Gallo designed the 2009 New Year’s Eve extravaganza in Miami for jam band Phish and was creative director for its 2010 New Year’s Eve production at Madison Square Garden, where the global version of "Meatstick" was born. Gallo was the creative collaborator with Phish for New Year’s Eve at the Garden in 2011 and production designer in 2012 where he threw a "Garden Party" and staged a runaway golf cart marathon. In 2013, Gallo re-created the band's original tour truck and customized a flatbed-turned-stage where Phish performed "in the round" in the world's most famous arena. In 2016, Gallo returned to Madison Square Garden with the band as creative director of a 25-minute gag featuring a cast of 17, floating umbrellas on nano winches, an astonishing rain effect, and a maelstrom of "raining" inflatable cats and dogs and customized foam raindrops.

Since 2014, Gallo has been production designer of the children's television show, Sesame Street. His redesign of the classic set garnered him significant press attention and the 2017 Daytime Emmy Award for Outstanding Art Direction/Set Decoration/Scenic Design for the show's Season 46.

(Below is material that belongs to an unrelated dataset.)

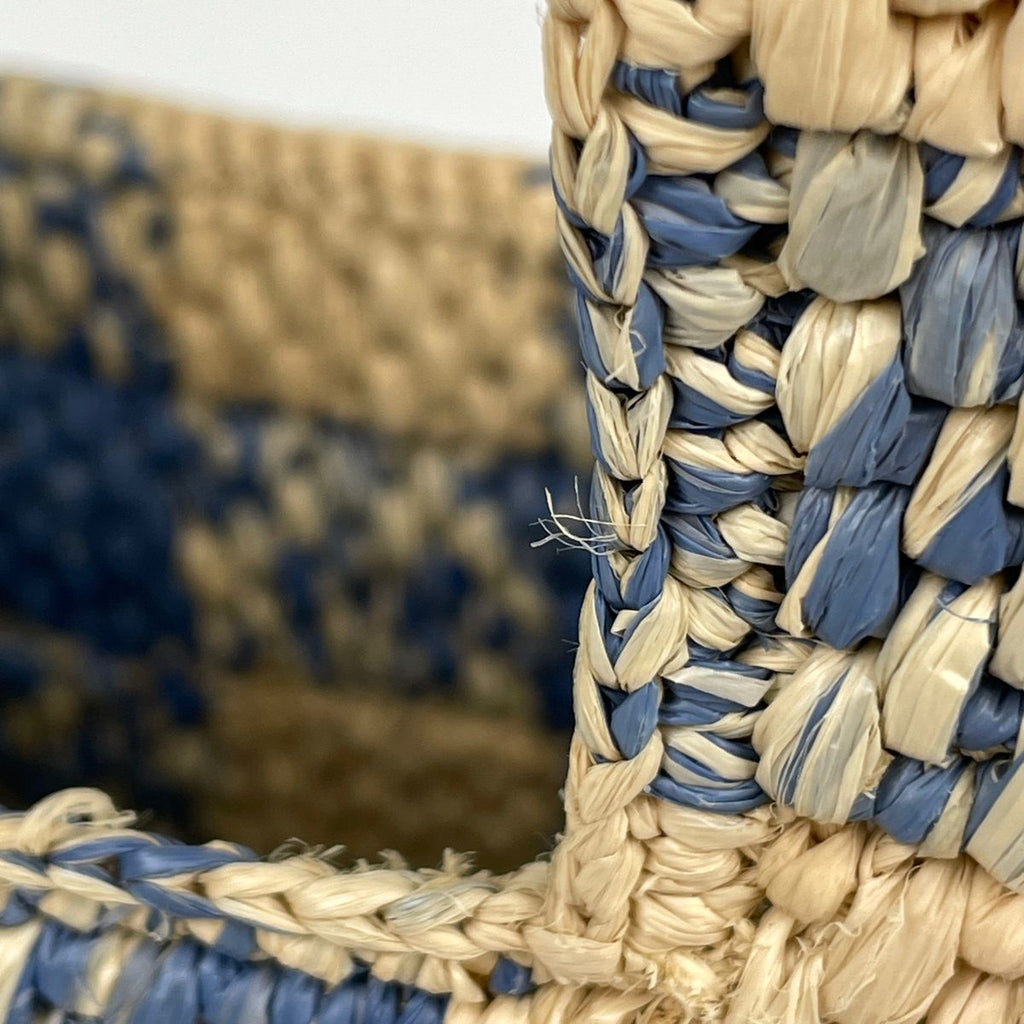 Loewe Font Tote Bag Small 2-Way Raffia Beige Blue — view 4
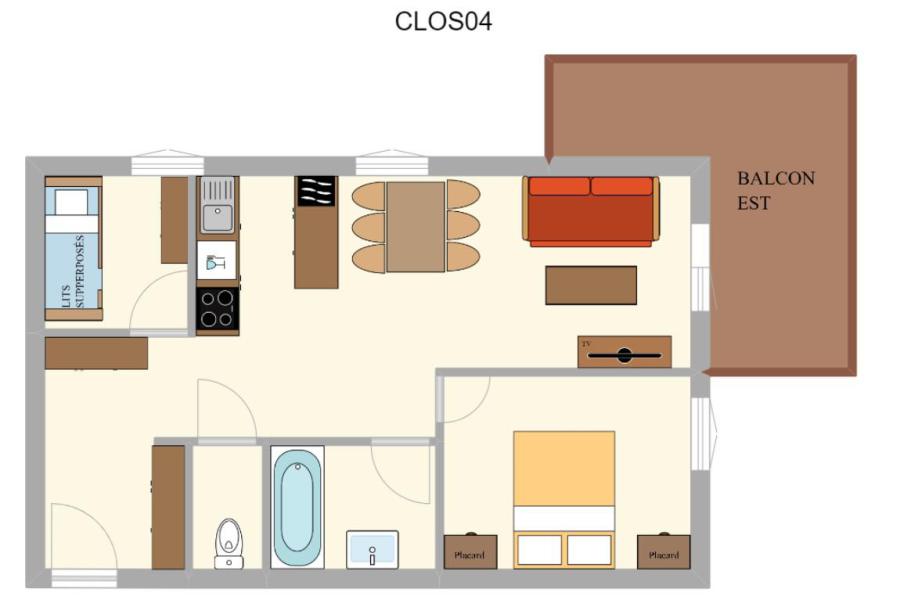 Каникулы в горах Апартаменты 3 комнат 6 чел. (04) - Le Clos d'Aussois - Aussois - план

Often credited with a whimsical style, many of Gallo's projects have been centered on children and family entertainment. Gallo designed the 135th Ringling Bros. and Barnum & Bailey Circus and served as the production designer for many youth-oriented live productions including Yo Gabba Gabba!; Madagascar; Super Why; Blues Clues; Dora the Explorer; Go, Diego, Go!; Clifford the Big Red Dog; SpongeBob SquarePants; and various projects for Nickelodeon. He designed the popular Christmas television special Elmo's Christmas Countdown for Sesame Street and was honored by the Jim Henson Company with a true Muppet crafted in his likeness.

Gallo designed the 2010 Broadway Cares Collection Official Snow Globe to benefit Broadway Cares/Equity Fights Aids Fund. He has served as creative consultant for Live Design's Scenic Design Master Class and as performing arts/design contributing dditor at Stated Magazine.

In 2000, Gallo's body of work was chosen to represent innovative contemporary American set design in the Cooper-Hewitt, National Design Museum inaugural National Design Triennial. His paintings for the 1997 Broadway revival of A View from the Bridge are in the Smithsonian Institution archives in Washington, DC. Gallo's designs were featured in the 2003 Prague Quadrennial, and many can be found in the permanent collection of the McNay Art Museum in San Antonio, Texas as well as in assorted public and private collections.